De vergrijzing is een populair beleggingsthema. Vastgoed is de favoriete belegging van veel Belgen. Voeg die twee samen en je komt uit bij de assistentiewoning. Is succes gegarandeerd of let je toch maar op voor de hype?

Investeren in seniorenvastgoed is op twee paarden wedden. Inspelend op de vergrijzing is het een vorm van thematisch beleggen met een aardig groeipotentieel. Tegelijkertijd is het ook een vastgoedbelegging, iets wat veel Belgen associëren met zekerheid.

Beursbeleggers die deze dubbele kwaliteit willen toevoegen aan hun portefeuille, kunnen in ons land onder meer terecht bij Cofinimmo of Aedifica. Die gereglementeerde vastgoedvennootschappen investeren vooral in zorginstellingen en huisvesting voor ouderen. Als u echter de voorkeur geeft aan een directe belegging in bakstenen, dan is de aankoop van een assistentiewoning misschien een interessant alternatief. Misschien, want er klinken ook kritische en onrustwekkende geluiden. Verhalen over leegstand en hoge kosten. Is de grijze baksteen uw geld waard?

De voordelen

Groeimarkt

Seniorenhuisvesting is een groeimarkt. Dat staat buiten kijf. Volgens cijfers van het Federaal Planbureau telde ons land in 2017 bijna 2,1 miljoen 65-plussers. Tegen 2030 zou dat oplopen tot meer dan 2,6 miljoen. En in 2060 zullen in ons land volgens de voorspellingen ruim 3,2 miljoen 65-plussers zijn.

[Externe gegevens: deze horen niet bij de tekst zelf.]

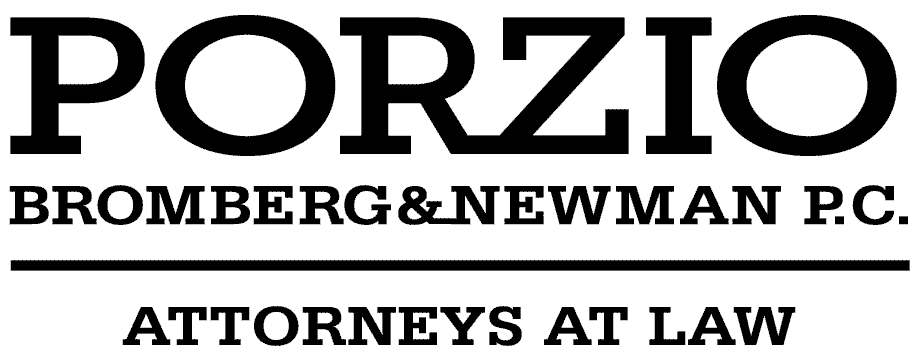 Four Attorneys Join Porzio's New York Office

“We zijn ons nog niet helemaal bewust van de impact van die demografische evolutie”, zegt Bram Machtelinckx, projectontwikkelaar bij Skyline Europe. “Eigenlijk komt de vergrijzing nu pas echt op dreef. De belangrijkste troef van assistentiewoningen is dat ze de particuliere vastgoedbelegger toegang geven tot die sterk groeiende markt.”

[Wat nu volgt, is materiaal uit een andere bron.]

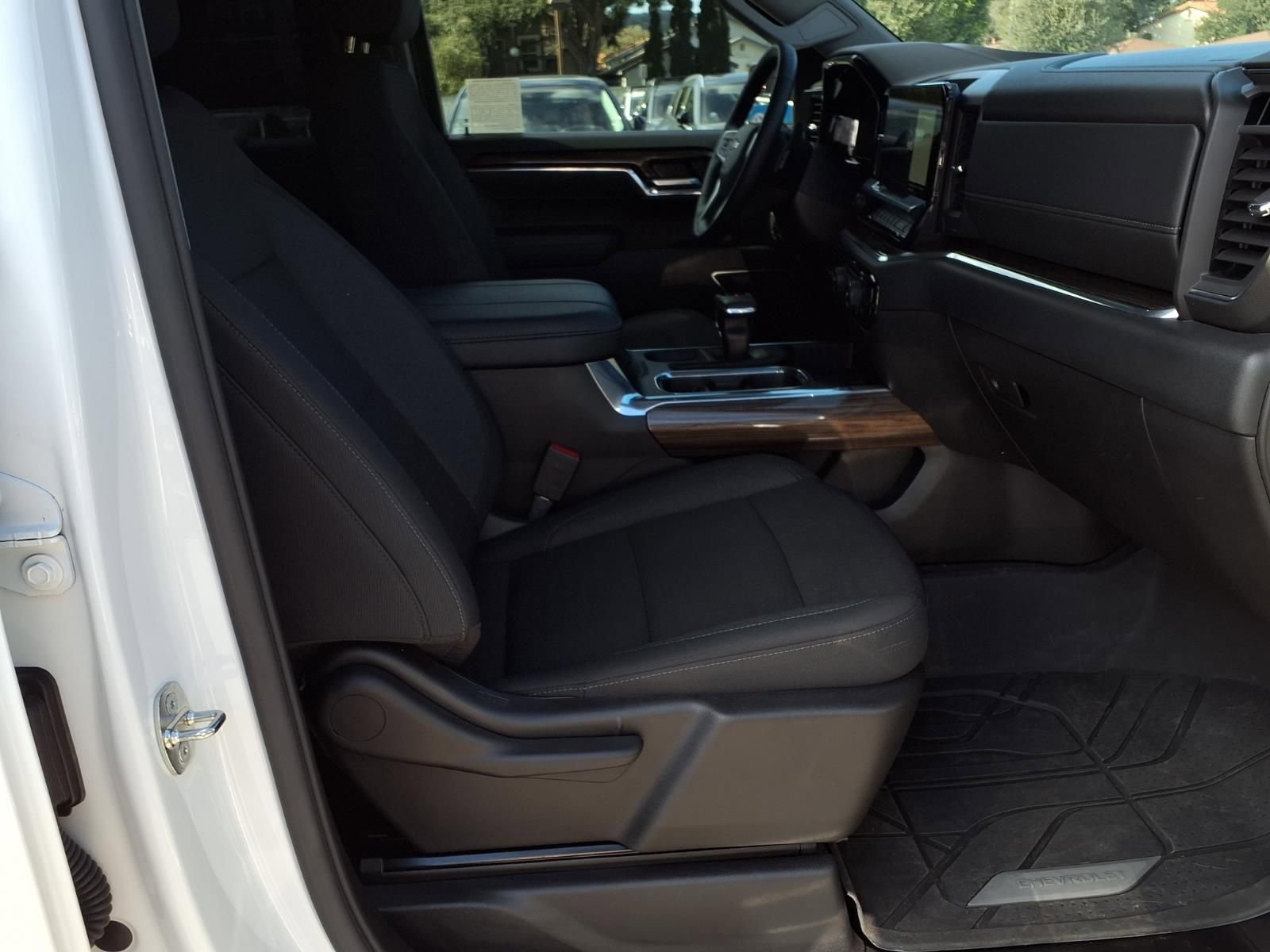 Used 2024 Chevrolet Silverado 1500 LT w/ LPO, Liner Protection Package image 24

Mehdi Devos, verantwoordelijke bouwprojecten bij de Dewaele Vastgoedgroep, ontkent het groeipotentieel niet, maar plaatst er wel een kanttekening bij. Assistentiewoningen koppelen aan de leeftijdsgroep 65-plus is een verkeerd uitgangspunt, stelt hij.

“In de praktijk zien we dat het gros van de bewoners van assistentiewoningen ouder is dan tachtig. De actieve 65-plusser in goede gezondheid doet zelden de stap naar een assistentiewoning.”

Bram Machtelinckx erkent dat de meeste bewoners in de assistentiewoningen van Skyline Europe ouder dan 75 zijn. Maar hij verwacht op termijn een verjonging van het bewonerspubliek.

“Het product assistentiewoningen is nog onvoldoende bekend. Veel mensen associëren of verwarren assistentiewoningen met een kamer in een woon-zorgcentrum. Daar heeft het niets mee te maken. Overigens is een belangrijk deel van onze kopers 60-plus en dat zijn dan vaak mensen die kopen om er later, over vijf of tien jaar, zelf te wonen. Dat betekent dat ze ook wel gecharmeerd zijn door de kwaliteit van het project. Voor veel van de kopers is de assistentiewoning dus meer dan een belegging.”

DUINENZEE DE PANNE
DUINENZEE DE PANNE “Aan de zee is een dubbel vergrijzingseffect.”

“Een assistentiewoning is eigenlijk een gewoon appartement met enkele – vooral technische – upgrades”, vult zijn collega Kristof Schellekens aan. “Als dat beeld wordt gecorrigeerd, zal ook de drempel om er te gaan wonen verlagen.”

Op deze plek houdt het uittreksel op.